Photo: Abundant vegetation by the roadside. (Photo: Tony Atkin)
Plants and trees make the world a greener place, and a new study shows one of the best places to grow them may be alongside highways.
Greg McPherson, one of the study’s authors and a researcher with the United States Forest Services, says that growing trees, shrubs and other kinds of greenery alongside highways can benefit the surrounding communities by cleaning up the air quality.
“There’s this kind of filtering that reduces the number of air pollutants,” he says.
McPherson says roadside vegetation can also reduce energy costs. Shrubs provide shade, which mitigates the urban heat island effect that often results in cities being warmer than the surrounding areas. In the winter, McPherson says these walls of vegetation can reduce wind speeds, thereby lowering heating costs.
But it isn’t as easy as planting trees and shrubs by highways. If these vegetation corridors are improperly designed, tunnels of vegetation can trap pollutants in an area, whereas a more open landscape would allow pollutants to disperse.
Another negative effect would be that some tree or plant species emit more ozone than others, creating concentrations that exceed human health standards. They can also produce a lot of pollen, which can be a problem for asthmatics.

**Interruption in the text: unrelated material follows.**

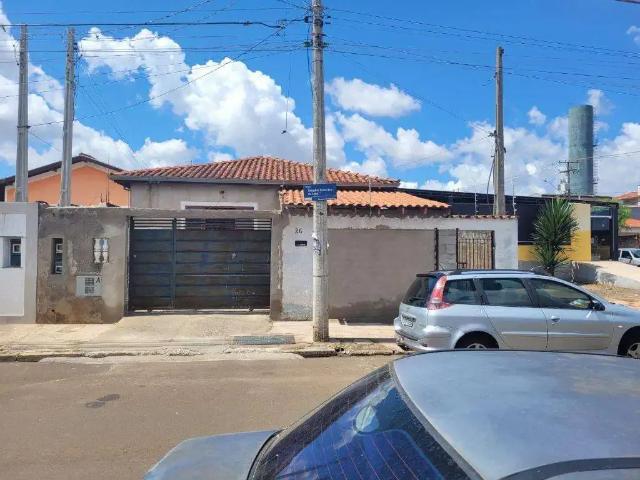 Casa venda em Região Imediata de Campinas, Região Metropolitana de Campinas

As a result, the report sets out strategic guidelines for species selection and planting strategies. Some of the latter include planting rows of trees to effectively stop pollutants from reaching surrounding communities. McPherson says that five metres of vegetation is generally the minimum.
Other benefits include reducing storm water run-off, improving biodiversity by creating wildlife habitat and reducing stress through the aesthetic effect of having greenery around. “It’s healthy and connects us with the natural world,” he says.
The study didn’t examine the overall potential benefit to the environment of placing vegetation buffer zones around pollution-generating areas like highways. But plants and trees can help filter gases like carbon dioxide out of the air.